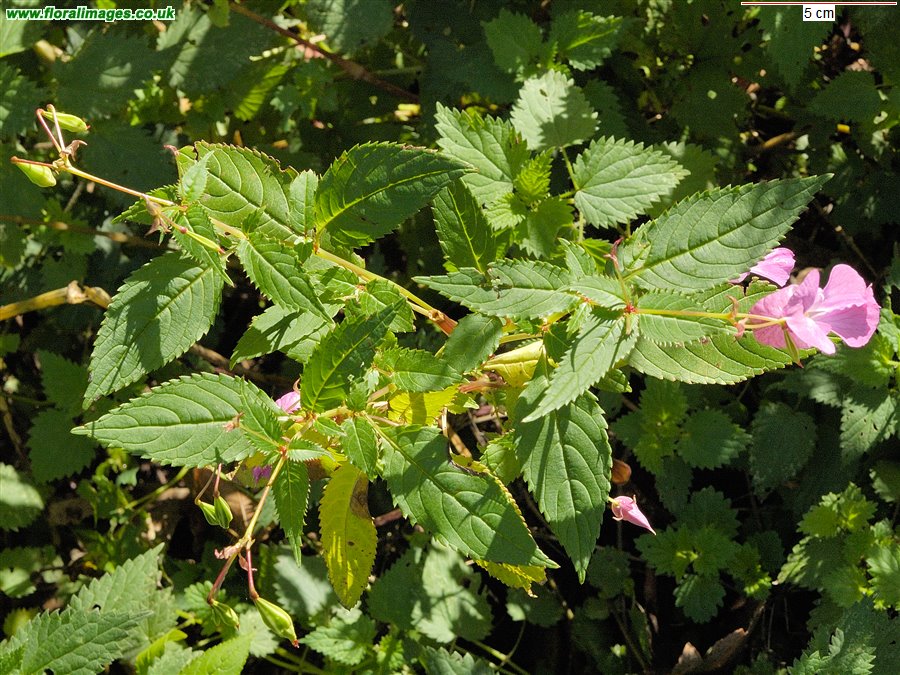 Impatiens glandulifera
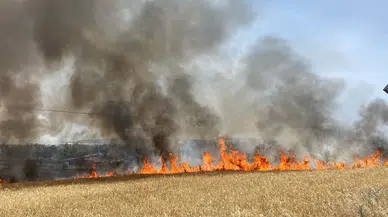 Çanakkale'de anız yangını, tarım arazisi ve ormana sıçradı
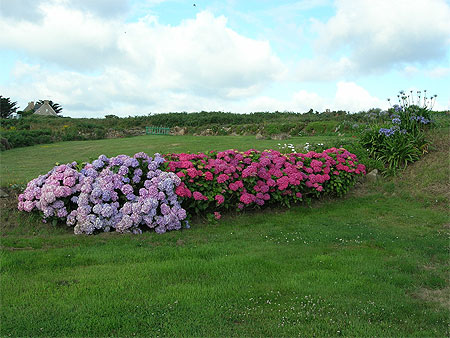 Hortensias et agapanthes
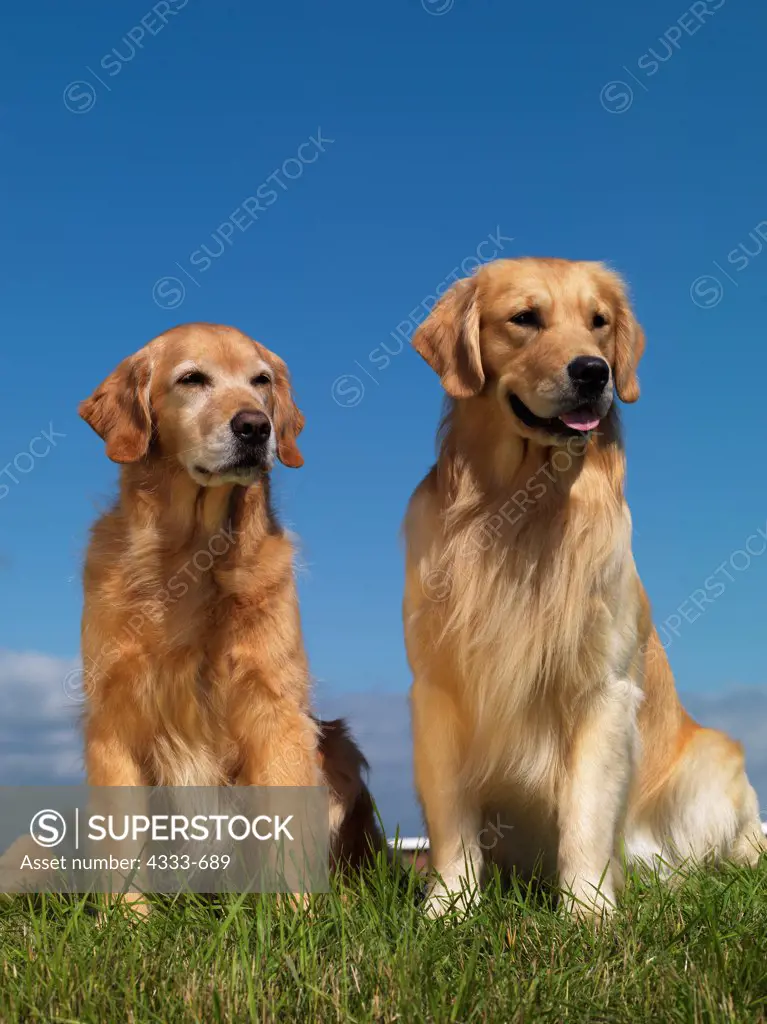 Golden Retrievers, AKC, 2-year-old 'Higgins' and 9-year-old 'Keeper' photographed in Palmer, Alaska and owned by Cindy Steward of Eagle River, Alaska.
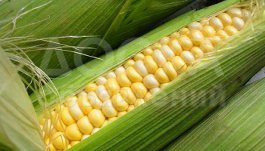 продаю кукурузу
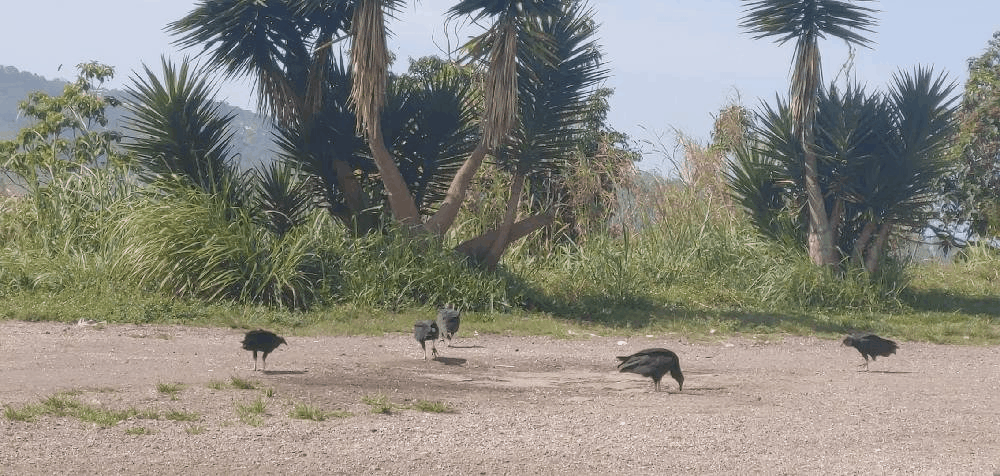 GIF-210419_000158.gif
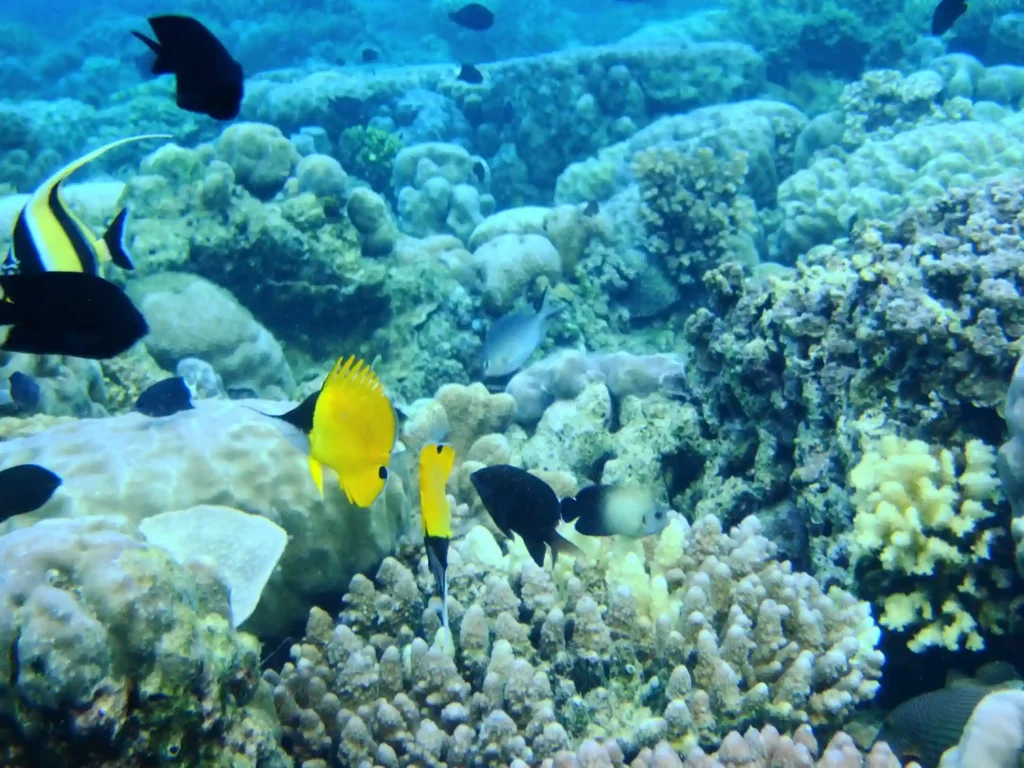 Bunaken National Park (source: wikimedia)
☆ ☆ ☆ ☆
## WHAT YOU HAVE TO DO
The data above must be given again in full and unaltered, minus its images.

## EXERCISE ANSWER
 Impatiens glandulifera
 Çanakkale'de anız yangını, tarım arazisi ve ormana sıçradı
 Hortensias et agapanthes
 Golden Retrievers, AKC, 2-year-old 'Higgins' and 9-year-old 'Keeper' photographed in Palmer, Alaska and owned by Cindy Steward of Eagle River, Alaska.
 продаю кукурузу
 GIF-210419_000158.gif
 Bunaken National Park (source: wikimedia)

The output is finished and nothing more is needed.